19 juillet 2007

Conclusion du Chapitre I
"Internet comme objet politique"

"Politiques sous influence"
« Les réalisations de la science moderne ne sont pas pernicieuses en soi : c’est ce qu’on en fait qui en détermine la valeur » Mac Luhan

La mythologie du Web est intégrée aux systèmes de pensée occidentaux : la fin de l’ère industrielle instaure l’économie de la connaissance au cœur des enjeux politiques, de l’Europe notamment, la globalisation des échanges sollicite les utopies de paix et de démocratisation comme des valeurs mondiales universelles…Le village global n’est plus seulement une image mais il est fortement impulsé dans les centres décisionnels politique mondiaux.
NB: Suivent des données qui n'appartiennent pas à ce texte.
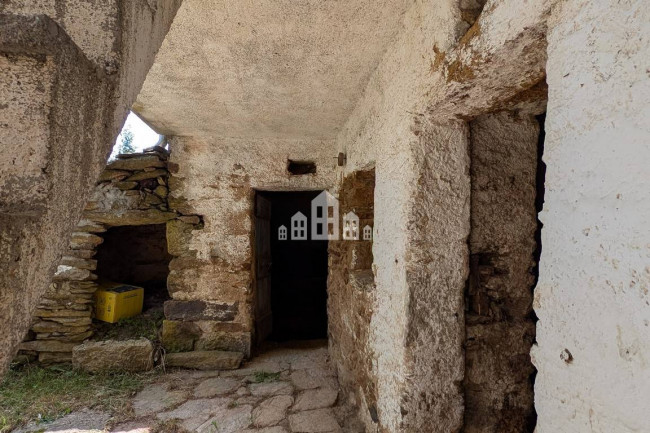 Rustico in vendita a Andrate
Pourtant, à l’analyse, le mythe d’Internet ne tient pas. Il semble que le Web n'ait pas fondamentalement bousculé les intentions de votes lors de la dernière élection présidentielle[1].
Les modèles de participation sur les fora ne proposent pas une alternative à la discussion, aux modalités représentatives, car seuls 1% des internautes – qui représentent eux même 50% de la population française - sont dans une démarche pro-active. De plus, la citoyenneté ne trouve pas dans Internet, ou pas encore, de moteur suffisant pour penser que le Web est un outil de revitalisation démocratique : « Que l'on soit jeune ou âgé, diplômé ou non, ce qui amène à un usage politique du Web est avant tout le fait d'être intéressé par les affaires publiques et Internet ne crée pas de vocation politique en soi. Il favorise éventuellement l’éclosion de tempéraments politiques qui auraient à priori trouvé une réponse ailleurs ou n’est qu’un prolongement de la participation politique de terrain[2] ». D’ailleurs, d’après Marie-Gabrielle Suraud, « Le net a, non pas favorisé l’ouverture de l’espace de discussion et constitué un véritable espace communicationnel, mais a été, pour un groupe de militants, un vecteur permettant de maintenir et conforter une position hégémonique »[3]. Internet est donc un outil utile à la démocratie, sans être indispensable à son fonctionnement. Il n’a pas plus d’impact qu’un autre média. En cela, Mac Luhan avait raison, « Medium is message ». Malgré le fait qu'il médiatise des messages autrefois confinés, l’utilisation du média conserve sa fonction de miroir de l’activité humaine, attachée à un territoire, une culture, des modalités politiques. Internet ne modifie pas profondément le rapport des hommes à la citoyenneté.

Cependant, Internet a cela de particulier qu’il intègre techniquement toutes les fonctionnalités d’un modèle démocratique nouveau. C’est pourquoi, se poser la question de comment Internet a modifié les modes de communication politique ne doit pas être seulement interprété selon l’axe de l’influence du Web sur les votes ou sur les citoyens, mais plutôt comment la puissance symbolique de la toile a influencé le politique, la politique, l’action politique. En effet, le Web est un espace ouvert. Dans un processus de convergence des médias, les messages dépassent le simple cadre du réseau. Il n’y a donc pas de discours spécifiques au Web d’un côté et des discours adaptés au « réel » de l’autre, mais un discours unique, répandant, pour ceux qui en ont fait le choix, les valeurs du mythe dans la sphère politique. La forme, c’est le fond qui remonte à la surface disait Victor Hugo. Les discours portant sur la cyberculture ne sont ainsi pas de simples exercices rhétoriques et de publicité. Ils sont de véritables projets politiques. Internet comme un nouveau projet de société. Là se situe la véritable victoire des internautes et du réseau. Le Web a généré une mythologie si puissante qu’il se présente désormais comme une alternative d'organisation de la démocratie : relance des engagements partisans, lutte contre l’abstention, participation citoyenne, capacités cognitives développées, recomposition du lien social… Et ce, jusqu’à l’émergence récente d’un parti reprenant le nom de la petite boite permettant les connexions : le MODEM, ou encore le concept de République 2 .0 de Ségolène Royale. Et si la septième étape d’évolution du réseau n’était autre que la réappropriation du Net par le politique ?


[1] in. Les internautes et la politique, TNS SOFRES, mars 2007
[2] ibid
[3] in. Le débat électronique : entre agir communicationnel et stratégie militante, Marie-Gabrielle Suraud, programme de recherche « concertation décision et environnement » du MEDD, 2003-2005.